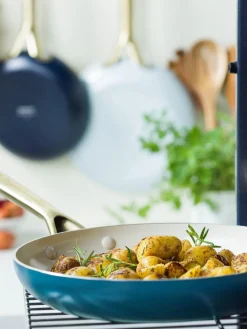 New GreenPan Poêles à frire avec revêtement antiadhésif Shades, 3 élém. Bleu foncé, bleu ciel, bleu pétrole, doré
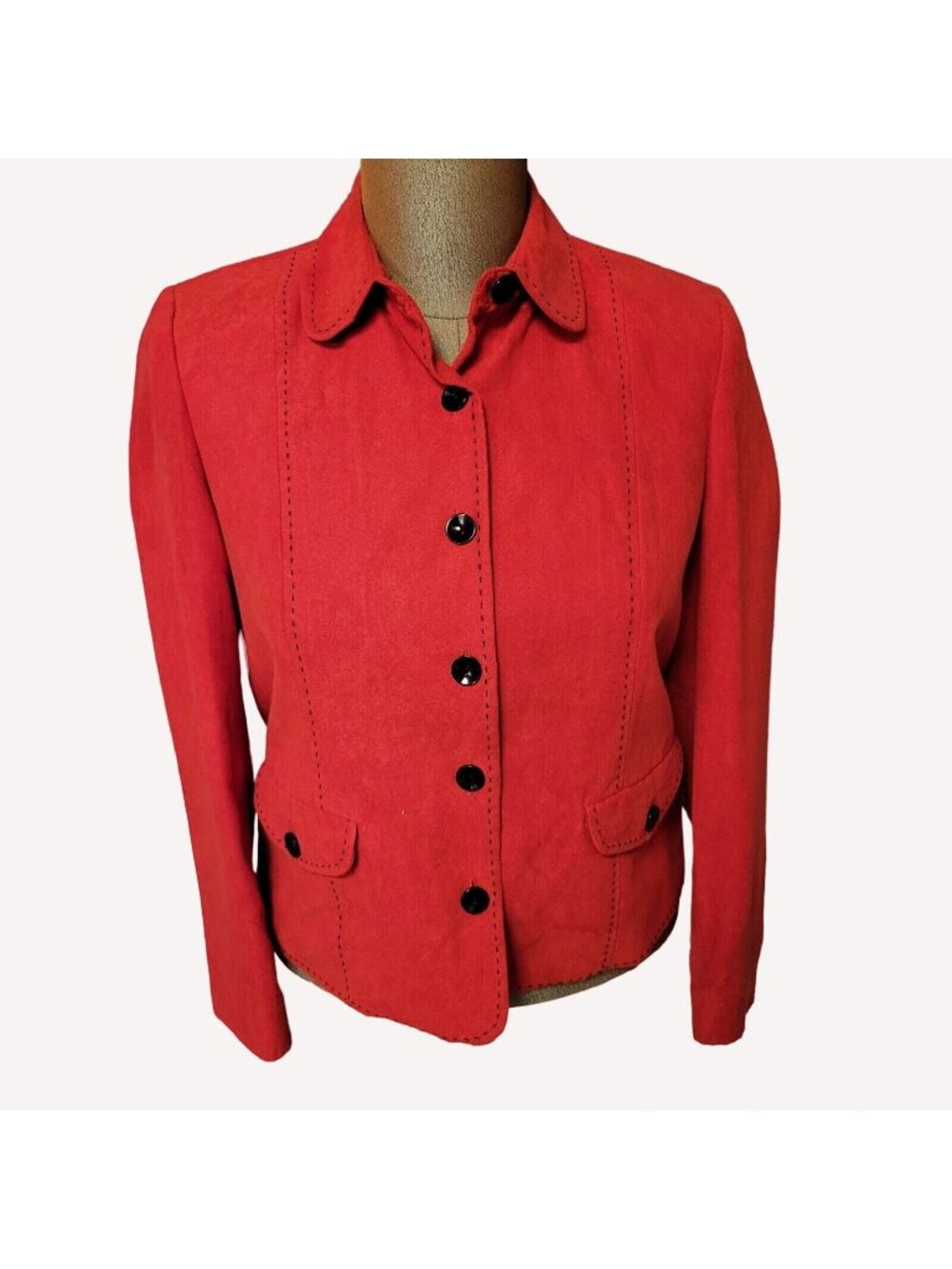 Vtg Alfred Dunner Womens 6P Red Button Up Faux Suede Blazer Classic Academic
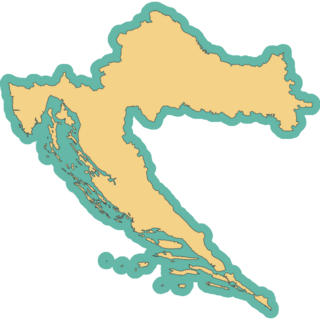 Map Of Croatia On Blue Sticker
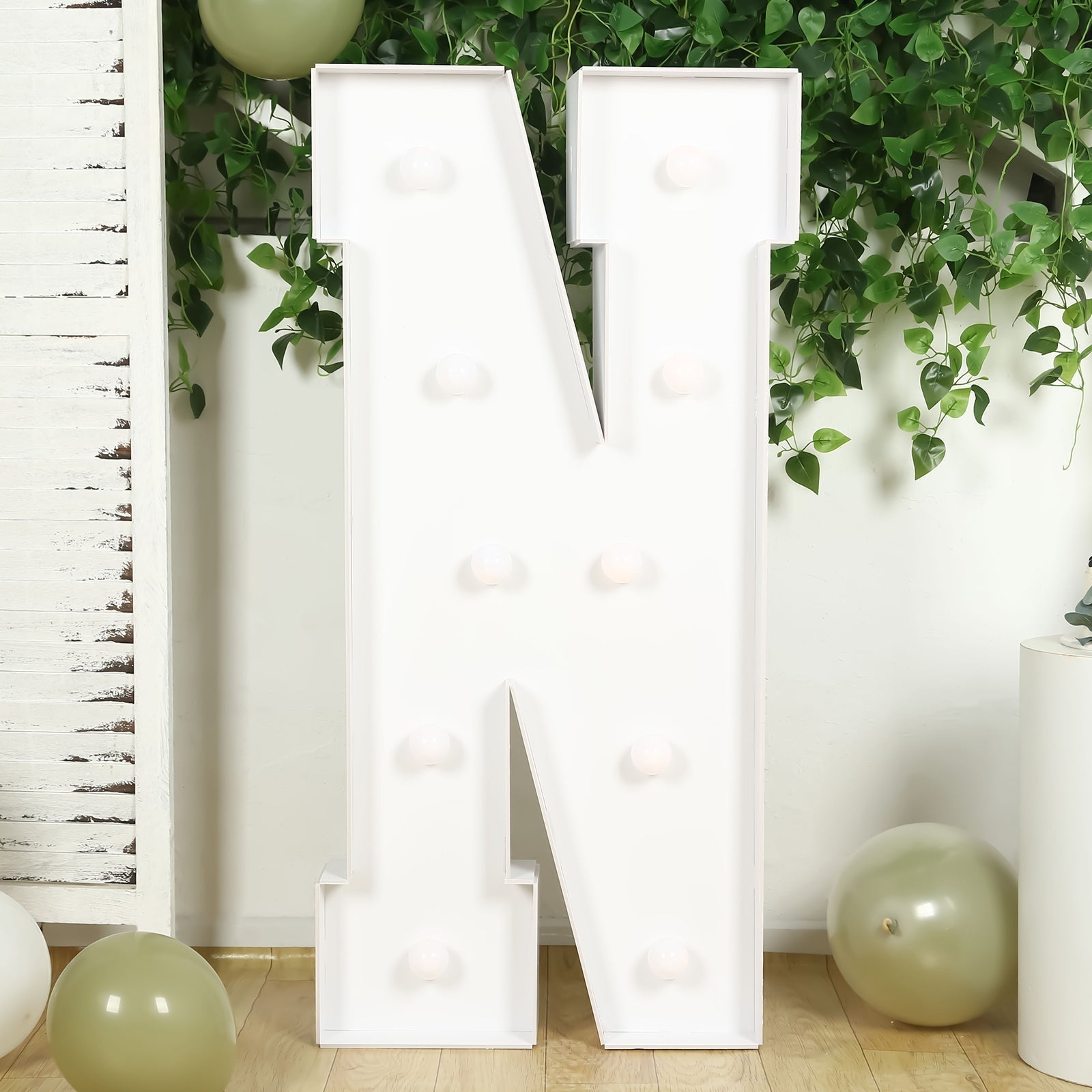 Giant LED Marquee Light Up Letter "N", White 4ft Pre - Cut Foam Board with 10 Warm White Battery Operated LEDs, Glue Gun and Sticks - Bell Racket Store
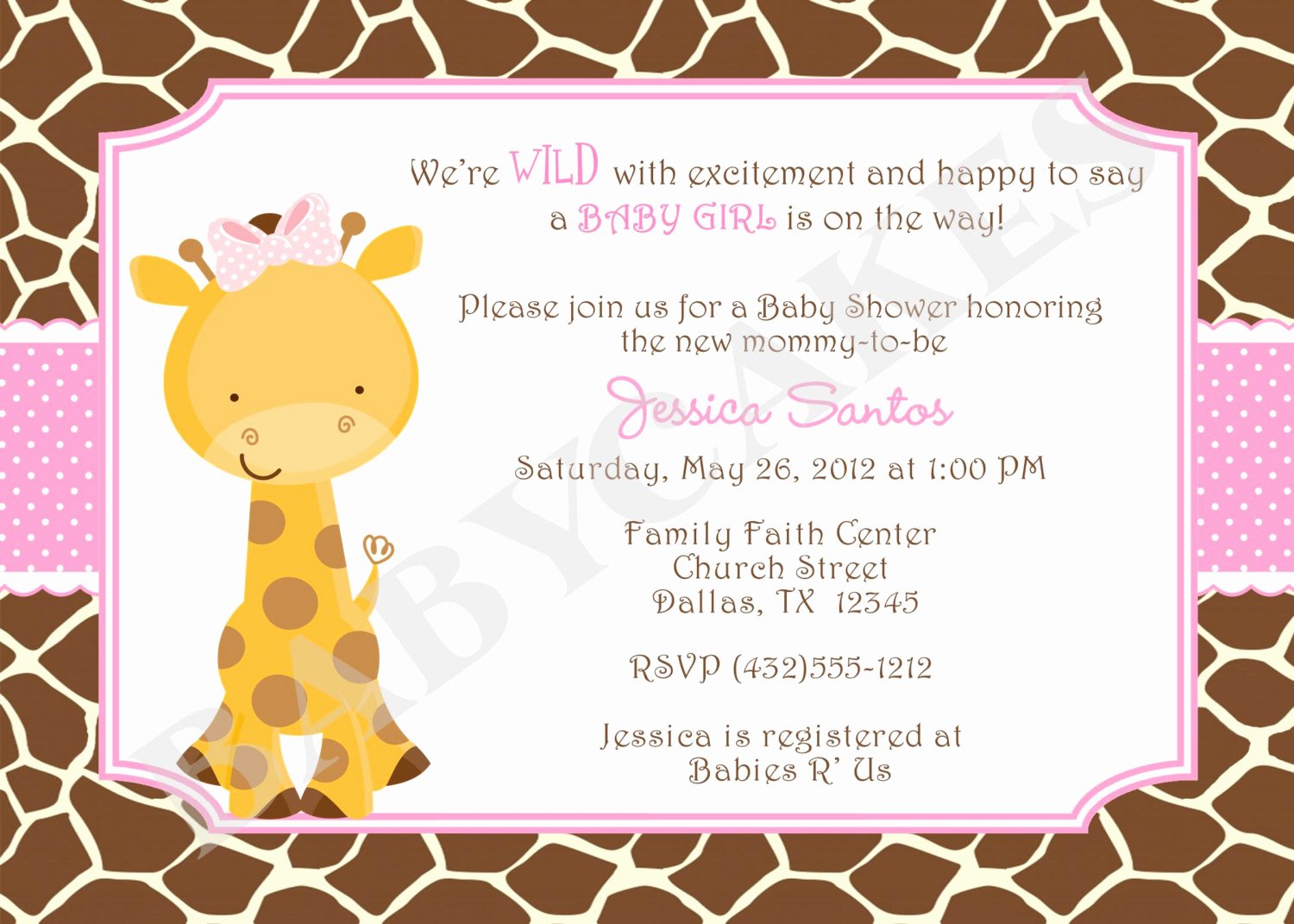 Girl Giraffe Baby Shower Invitation Invite Giraffe Invitation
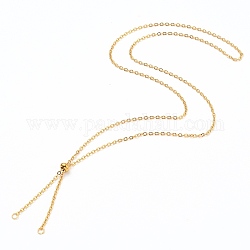 304 Edelstahl Slider Halskette Herstellung, Kabelketten Bolo Halskette machen, golden, 23-5/8 Zoll (60 cm)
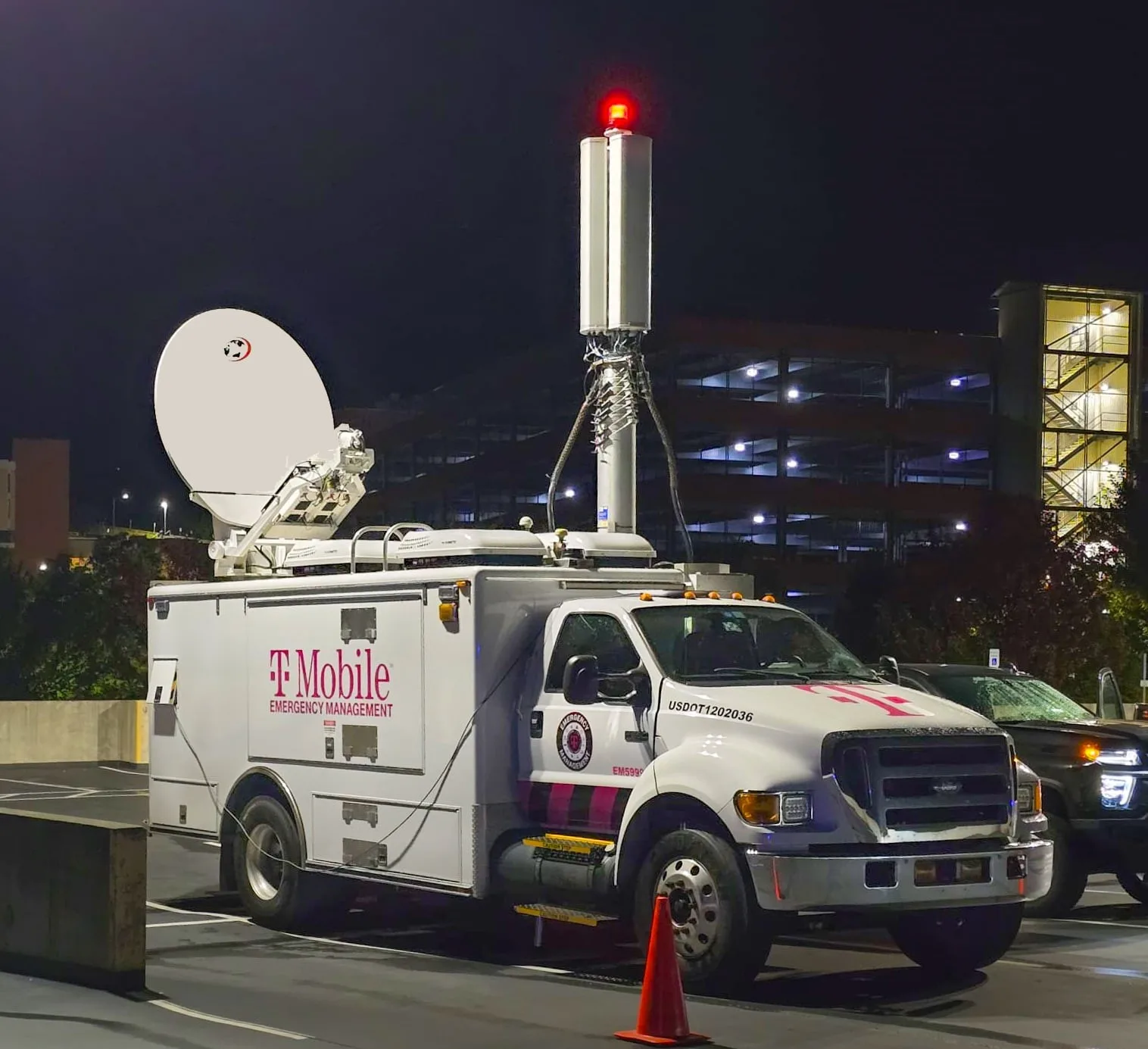 T-Mobile SatCOLTS deployed to Mission Hospital in Asheville, NC, on Sept. 30, 2024. Image sourced from T-Mobile and is property of T-Mobile.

[PROBLEM REQUIREMENTS] Output the whole listing without change. Any picture is to be left out.

[SOLUTION FOR THIS PROBLEM]
 New GreenPan Poêles à frire avec revêtement antiadhésif Shades, 3 élém. Bleu foncé, bleu ciel, bleu pétrole, doré
 Vtg Alfred Dunner Womens 6P Red Button Up Faux Suede Blazer Classic Academic
 Map Of Croatia On Blue Sticker
 Giant LED Marquee Light Up Letter "N", White 4ft Pre - Cut Foam Board with 10 Warm White Battery Operated LEDs, Glue Gun and Sticks - Bell Racket Store
 Girl Giraffe Baby Shower Invitation Invite Giraffe Invitation
 304 Edelstahl Slider Halskette Herstellung, Kabelketten Bolo Halskette machen, golden, 23-5/8 Zoll (60 cm)
 T-Mobile SatCOLTS deployed to Mission Hospital in Asheville, NC, on Sept. 30, 2024. Image sourced from T-Mobile and is property of T-Mobile.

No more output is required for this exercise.